The other day, a friend tweeted that while trying to read an article on Elle magazine’s website, they were interrupted with a popup that required them to click “No thanks, I’ll risk bags and wrinkles.”
— Jennifer Slegg (@jenstar) June 14, 2015
How Wrong Can you Get it?
This is wrong on so many levels! First, let’s get out of the way the implication of the wording. One would think that even if there are still plenty of misogynists out there that insist that a woman’s worth is based primarily (if not exclusively) upon her appearance, at least a women’s magazine would show more awareness. Apparently, not this women’s magazine.
With the exception of the most obtuse, most people have recognized that there are some annoying and counterproductive 1990s-style practices that should be avoided. Auto-play music and videos and flashing gifs, for instance. Pop-up ads, too.
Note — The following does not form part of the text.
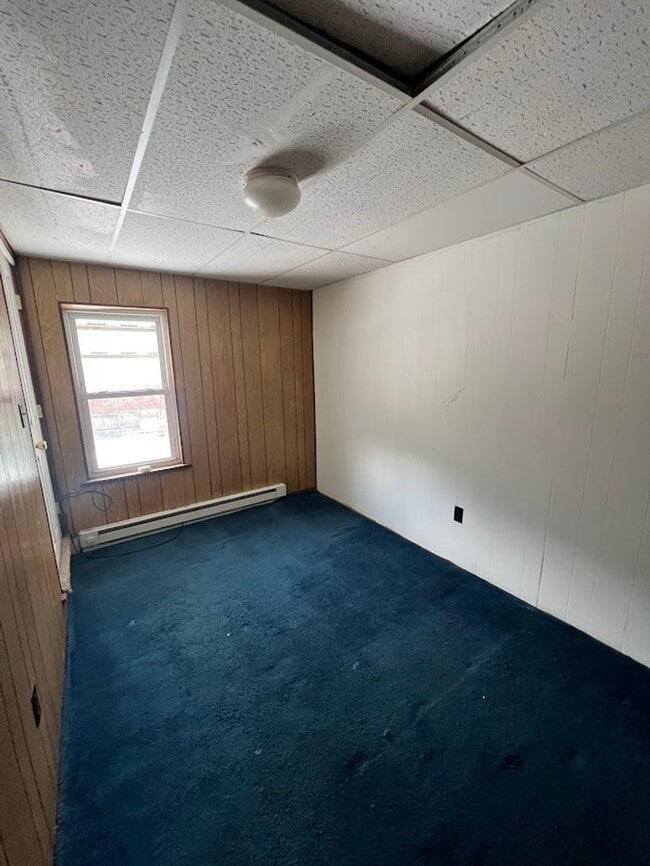 Building Photo - Single Family Home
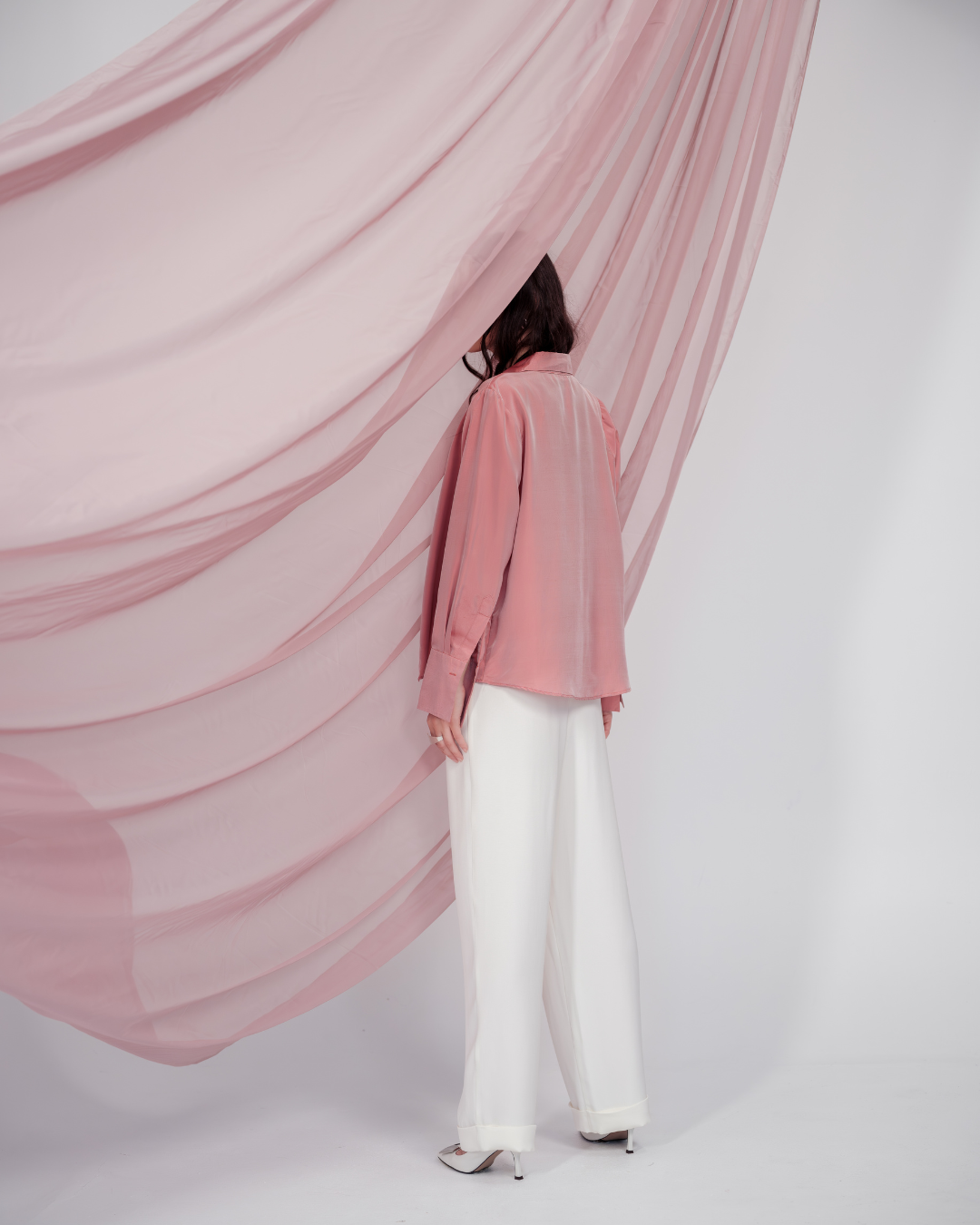 Peach pink silk shirt – soft pastel silk blouse with a relaxed fit and delicate sheen, crafted from 100% silk. Front view.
They aggravate nearly everyone and chase off many more users than they capture. Yet they’re still utilized, even by businesses that can be reasonably expected to know better.
When I saw the above tweet, I navigated to Elle’s website and searched for the article in question. Then I returned to Twitter and dropped a couple of comments of my own. After a couple of minutes, while checking my email, I was suddenly blasted by a full volume ad. Elle’s page was the only tab I had open that seemed like a possible source, but I couldn’t locate a player anywhere on their page. So I just closed the tab, and lo and behold, the ad fell silent.
I returned and searched for the player again, but with no luck. But like the original tweeter, I didn’t bother to read the article. I would have been interested, had they not managed to piss me off. Nothing like poisoning your own well, Elle.
Taking the Wrong Tack
I get that Elle’s focus is on fashion and beauty. And believe me, I’m all for helping anyone that wants to alter their appearance or presentation do so – provided it’s their idea. That doesn’t extend to insulting their looks or their intelligence, however. Promoting elegance or beauty is one thing – denigrating those readers that don’t choose to fall for your 1990s marketing ploy is something else. In fact, I’d be inclined to say that if you have readers intelligent enough to not appreciate such a deprecated tactic, you should be grateful and go out of your way to preserve them.
This isn’t intended, however, to just single out Elle for crappy marketing tactics – they aren’t alone. A lot of sites are employing tactics that are outdated (if they were ever effective). And insulting or belittling users isn’t the only way to insult their intelligence.
Why They Don’t Work
Marketing is both the same as ever and different every day. The basic concept hasn’t changed – capture attention, deliver message, convince – it’s been the same for ages and I don’t see that changing any time soon. But cultures evolve, and online, they do so remarkably quickly. Those tactics don’t work for a couple of reasons:
Do you remember what the last banner ad you saw was advertising? Do you even remember the last time you saw a banner ad? Odds are you can’t, because you’ve seen so many of them that you’ve stopped actually seeing them. That’s banner blindness. As marketers, we probably notice them more than the average user, even though we’re inundated with them. But we’re not the target.
The same holds true with virtually any sort of ad. The more often we’re subjected to it, the less receptive we are to its message. And if it can no longer get our attention, it certainly won’t do its job.
If you’re selling ad space on your site, maybe you aren’t worried about whether the ad works or not. You should be… a savvy advertiser will soon find which ads aren’t working and cancel them.
I’ve known some people that get a lot less annoyed than I when someone interrupts them in the middle of a sentence. But I have yet to meet anyone that enjoyed it. Whether speaking, reading or simply engrossed in thought, nobody appreciates being interrupted. I’d say that having a popup block the screen when you’re trying to read an article would qualify as an interruption.
Here, you’re not only rendering your advertiser’s placement less effective, you’re alienating your own users, as well.
Not all users are novices, enjoying their first foray into the wonders of the Internet. Many of them are as comfortable online as off and have been online for a decade or more. When such a user is assaulted by ads that were already outdated the first time they ventured online, it’s understandable if they feel their intelligence is insulted. That’s certainly not the best way to nurture a relationship with a user. Is that the message you want to send your visitors?
Whether you’re placing ads or CTAs for your own purposes or for paying advertisers, you need to consider the perceptions of your users. Are you making their visit more pleasant, more productive, easier? Are you considering how they might receive the wording of your ads? I don’t mean you should tip-toe around… but at least consider the possible consequences. Because whether you do or not, you’ll still have to live with them – make sure it’s by choice.